Even Microsoft is taking notice and has been focusing some good resources not only on their own collaborative suit, the Microsoft SharePoint Portal solution but also on the DotNetNuke community since it rides on top of Windows and ASP.NET in a hosted environment.

FlatBurger is an interesting third party in the mix that provides services and technology to this ecosystem of modular software developers to help them protect their IP (open source or not), manage their licensing scheme and providing these developers with the tracking billing system that gives them to power to present end users with a Software as a Services (SaaS) model only paying as you go. (I’ll cover more about FlatBurger is subsequent posts).

For now, check out the videos up on www.FlatBurger.com/ModSoftCon and let me know what you think, that voice of the interviewer is me!

--Ken

Wednesday, October 11, 2006

Web 2.0 Defined

Last January I posted some thoughts on how to sum up the definition of Web 2.0 in a neat package and came up with:

Definition of Web 2.0
Web 1.0 = "Presentation Exchange"
Web 2.0 = "Information Interchange"

Recently i was asked to help prepare some presentations for a Web 2.0 Modular Software Conference in Las Vegas and I needed to sum up where we are with Web 2.0, what's next and to put it all in context for this crowd. Here's the new definition in a much more digestible form...

“Web 2.0 is the evolution from the Web of presentation to the Web of participation.”

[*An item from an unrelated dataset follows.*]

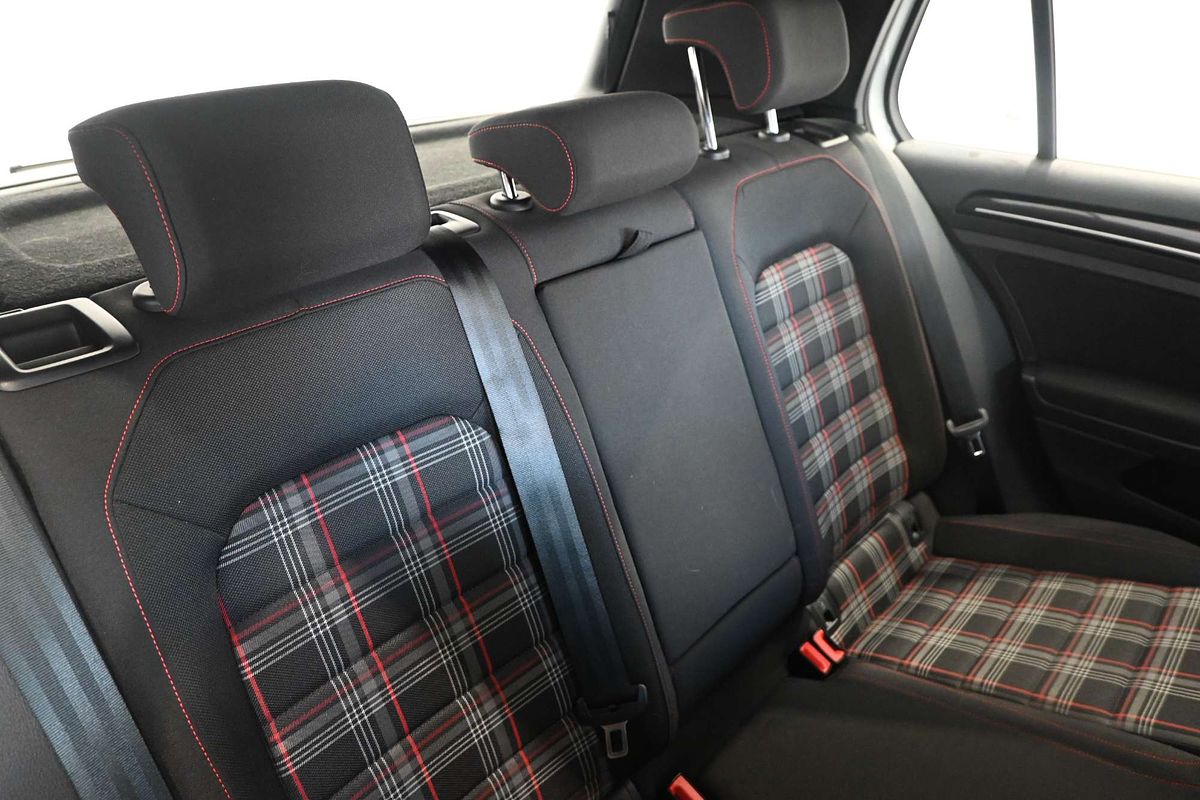 2016 Volkswagen Golf GTI 7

This resonated well with the audience and I'd like to know what you think.

Friday, January 06, 2006

New Web 2.0 Resources Sub Blog

Check out this subBlog for some good Web 2.0 resources. They will build with time. I'll add an RSS feed shortly...

Ken Cavallon's Web 2.0 Resources

Enjoy...

Ken

Tuesday, January 03, 2006

There goes the Bloggerhood!

It looks like the great equalizer of the blogosphere has been stratified and there are now those who track who's worth listening to for us...

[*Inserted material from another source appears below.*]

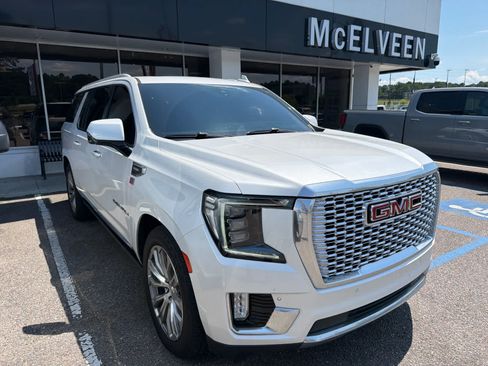 Used 2022 GMC Yukon XL Denali w/ Denali Premium Package AWD/4WD image 3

I can see a time in the not so distant future when a major media corp (or could that be just plain "NewsCorp") puts its massive resources behind an effort to "edit" the Blogosphere... aggregating all that 'they' think is best on the web and presenting it in nice tidy packages (they used to call them 'columns') and sorting it all for the great unwashed... surrounding the data with cute little ads and dumbing it down so much that it's not worth the paper (errr packets...) it's printed on... hmmmm... sounds familiar, I hope they get it right this time! (And I hope I eat my words!)